CIO

Twitter CMO finally explains the purpose of Twitter

Twitter has failed to effectively define its purpose and value for the better part of a decade, but the company's CMO said at CES 2017 that it has finally overcome that lingering challenge — and 2017 could be a coming-of-age year for the social network.

LAS VEGAS — Twitter has used dozens of words, clichés and redundant phrases to describe itself during the past decade. The company's CMO, Leslie Berland, owned up to that fact in a speech at CES 2017 that aimed to redefine Twitter and explain why 317 million people use it every month.

Instead of abandoning the myriad ways Twitter executives have described the company during the years, Berland embraced it. "So, we were a platform, a product, a service, a water cooler, a time square, a microphone, and we are every single one of those things," she said.

When Berland joined the company in early 2016, after more than 10 years with American Express, she set out to revamp Twitter's marketing message and understand why some people remain confused about its purpose. "Twitter shows me what's happening in the world," she said. "Twitter shows me what's up. Twitter keeps me on the pulse. Twitter keeps me informed. This is why people love Twitter."

twitter cmo leslie berland Matt Kapko

Twitter CMO Leslie Berland at CES 2017

Twitter overcomes barriers and embraces news

Berland said Twitter discovered three key barriers to its adoption — all rooted in a lack of consumer awareness.

Many people simple didn't, or don't, understand what Twitter is, Berland said. "People thought Twitter was a social network," or a place to "connect with friends and family members, look for ex-boyfriends from kindergarten and share baby photos ... That was the perception that people who don't use Twitter had about what we were."

The "pressure to tweet," or a perception that Twitter requires an abundance of thought and the willingness to constantly share, also remains, according to Berland. "People believe that to use Twitter they must tweet."

As Berland and her colleagues set out to clarify just what Twitter is and why it exists, they landed on the most obvious definition of all. "Twitter is the place to see what's happening," she said. "We've been asking the same question from you for years and years.
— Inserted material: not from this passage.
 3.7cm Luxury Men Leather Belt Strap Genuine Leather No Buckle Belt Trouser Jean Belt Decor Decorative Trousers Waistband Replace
We've been searching and searching, and the answer was staring in front of us all along." That central question — "what's happening?" — appears right in Twitter's main compose field.
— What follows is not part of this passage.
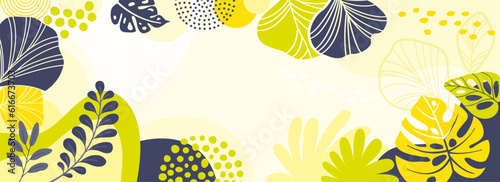 Design banner frame background .Colorful poster background vector illustration.Exotic plants, branches,art print for beauty, fashion and natural products,wellness, wedding and event.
"The first thing we did is we actually took ourselves out of the social networking category in the app stores and we put ourselves where we belong, which is news," Berland said. "As we were telling the story about us being in the center of what's happening in the world, reflecting on what's happening in the world, there was in fact a lot happening in the world right here on Twitter," she said.
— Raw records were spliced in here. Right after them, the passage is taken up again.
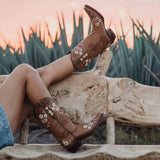 Women's Snipped Toe Western Boots | Floral Showstopper Cowgirl Boots (M50044) from Soto Boots
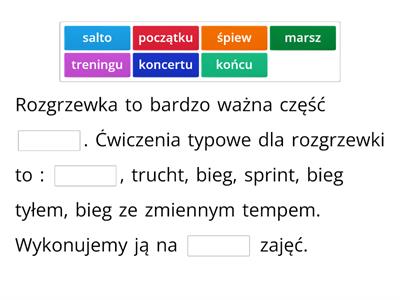 Rozgrzewka,  wstaw brakujące słowa
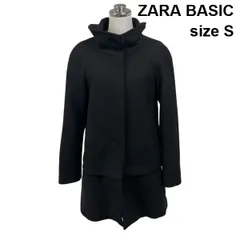 ◆ ザラベーシック ZARA BASIC コート ミドル丈 長袖 スタンドカラー 比翼仕立て ラグランスリーブ 黒 毛 S 7号 レディース S6I297のサムネイル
The company created a new marketing campaign and brought more color to its logos to represent the vibrancy of what Twitter really stands for, according to Berland. "It was this moment where we had anchored into our identity what it meant to be a part of something so very important," she said. "For us, Twitter's very much about questions and answers, and conversations, and what's happening and what people are talking about."

Twitter is now the No. 1 news app in the world, she said.

Twitter's neutrality creates challenges

Twitter's open-ended mission has also put it in the crosshairs of endless hot-button issues. Constant cyberbullying continues to drag the company down, and Twitter at times has seemed unable, or unwilling, to take a strong stand against even the most heinous offenders. The company's outsized role in the 2016 presidential election also meant a single tweet could shape political conversation and media coverage more effectively than nearly any other medium.

Berland mostly avoided these issues at CES 2017 and chose instead to repeat the company's insistence on neutrality. "We never take sides," she said. "The beauty of Twitter is that you can see all sides of any conversation that is happening at any moment in time."

Unfortunately, the "town square" of meaningful conversation that unfolds on Twitter often devolves into a cesspool of hate, and the company seems content to stand back and watch from a neutral distance. "I think what we can all be sure of is that it's going to be an eventful year," Berland said. "There will be moments of inspiration, there will be moments that are terrifying, there will be moments of love, there will be moments of hate, there will be moments that are life-changing, there will be moments that are game changing."